When I was industriously labouring in Office World at the U.S. Army Corps of Engineers, Dead Week was the name that one co-worker gave to the week between Christmas and New Year’s Eve.


Generally speaking, Dead Week in federal-service, that would be the U.S. Government, refers to that period of Use-or-Lose Annual Leave. Those vacation hours must be used by the employee before the end of the year, or he’ll lose it.

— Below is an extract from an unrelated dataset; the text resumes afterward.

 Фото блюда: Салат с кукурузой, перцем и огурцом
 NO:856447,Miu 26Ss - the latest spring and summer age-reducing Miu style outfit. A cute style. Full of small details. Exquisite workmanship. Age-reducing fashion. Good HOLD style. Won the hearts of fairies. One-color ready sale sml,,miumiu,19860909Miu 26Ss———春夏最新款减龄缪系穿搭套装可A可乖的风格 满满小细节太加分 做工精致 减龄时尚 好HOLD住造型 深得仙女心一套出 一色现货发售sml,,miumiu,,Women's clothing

Me, I used my “annual leave” on a monthly, if not weekly basis. I had nothing to lose by the End of The Year! Not only was I living from paycheck-to-paycheck, I was using my leave from week-to-week.


Throughout those final seven-days in December, I enormously enjoyed working in an office that was almost devoid of people. My tech-writing performance soared, with, to quote Alan Jay Lerner & Frederick Loewe, silence in every room, and an atmosphere as restful as an undiscovered tomb.

Dead Week for me was far from dead!


My co-worker, however, had arrived at that term through a very personal sensibility. How, I do not know for sure. My hunch is that because her birthday took place in the midst of Dead Week, she’d somehow always felt short-shrifted in the wrapped-present allocation. She probably was gift-stiffed, and, poor dear, she became unable to appreciate the true meaning of any souvenir.


I’ve heard one too many stories of the Christmas Baby who got his, or her, presents in 2 installments: half, or, from the more generous parents, two-thirds, on the Sacred Birth Day, the remaining ones on the Human Birth Day.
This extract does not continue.